Así se inició la coordinación de estos apuntes que se integran de lo vivido y lo escrito, lo meditado y aprendido en los libros y sobre todo en el libro de mi vida que ya pudiera situarse en los anaqueles del siglo que termina.
Por ello precisamente he simplificado su título, dando amplitud a la esperanza de un nuevo siglo, que quizá no vea nacer, pero que está detrás de la esquina, consumado ya el que he casi vivido, y en el que se han mudado tantas cosas en la técnica, en la geografía, en el espacio y en todos los saberes del hombre, y que ahora termina, cuando estamos tomando conciencia de nuestra humildad en la Comunidad Europea y la de ella misma, que quizá no supo responder a la culminación de su unidad económica y política, quedando agarrotados los proyectos de su estructura en la Europa de dos voluntades que analizaba recientemente D. Leopoldo Calvo Sotelo.
Sin olvidar que hemos asistido al fin de una época sociopolítica europea, vivida y sufrida en el corazón del siglo que termina: la revolución del proletariado, su triunfo y la instauración de una dictadura ejercida en su nombre y en el del marxismo-leninismo por la "nomenklatura" soviética, que, devorándose a sí misma, perduró durante tres cuartos de siglo.
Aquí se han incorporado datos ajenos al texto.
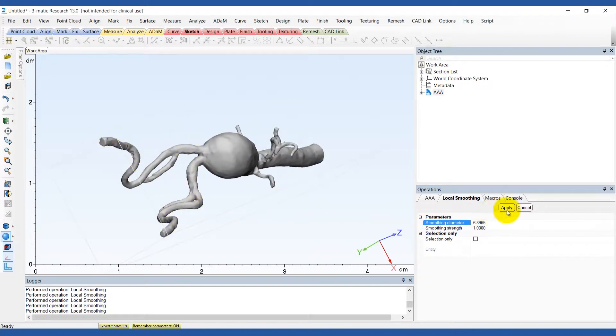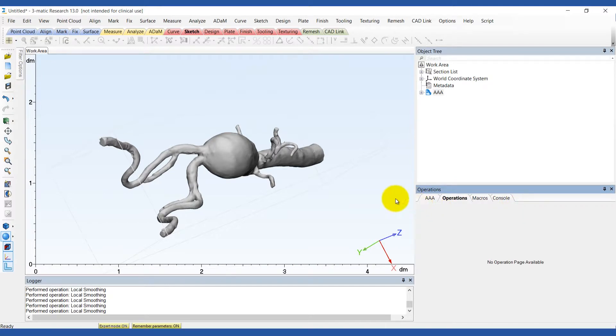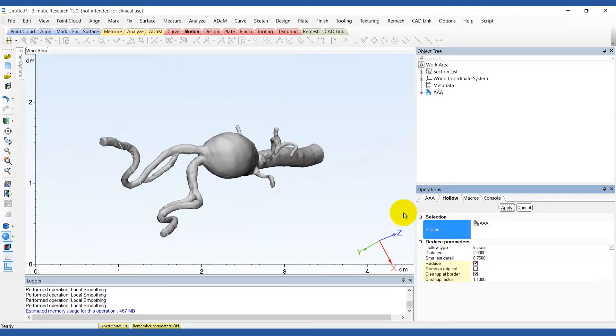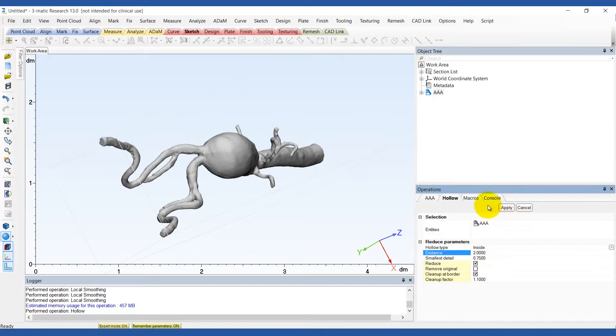Next we'll want to hollow out the model. You can find the hollow tool under the design menu. By doing this we end up creating a vessel wall of 2mm.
Europa en el siglo XX también padeció dos guerras sobre su mismo solar y ahora, cuando, redimida de la atadura marxista, la primitiva Comunidad Económica llegaba a la culminación del proceso de unificación económica y política tras los acuerdos de Maastricht, entra en una incierta vía muerta, la de las dos voluntades o de las dos velocidades, que nublan un porvenir que parecía augurar la realidad del sueño que había profetizado Churchill y luego vivieron Schuman, Jean Monnet, Spaak, Adenauer, de Gasperi y Bevin.
Y ahora despierta Europa oyendo en su república yugoslava desfederada, la Bosnia-Herzegovina, el tronar de los cañones, con los graves riesgos que la indecisión colectiva puede comportar y a los que nos han conducido las soberbias de las etnias nacionalistas, surgidas en los países que soportaron el rigor de las tiranías centralistas.
Ante la expectativa del siglo XXI, del nuevo milenio, Valencia tiene mucho que pensar, proyectar, concordar y construir, comenzando por liquidar sus diferencias estériles, las que impiden, por su bizantinismo paralizante, el progreso, la creatividad y el renacer a la cultura.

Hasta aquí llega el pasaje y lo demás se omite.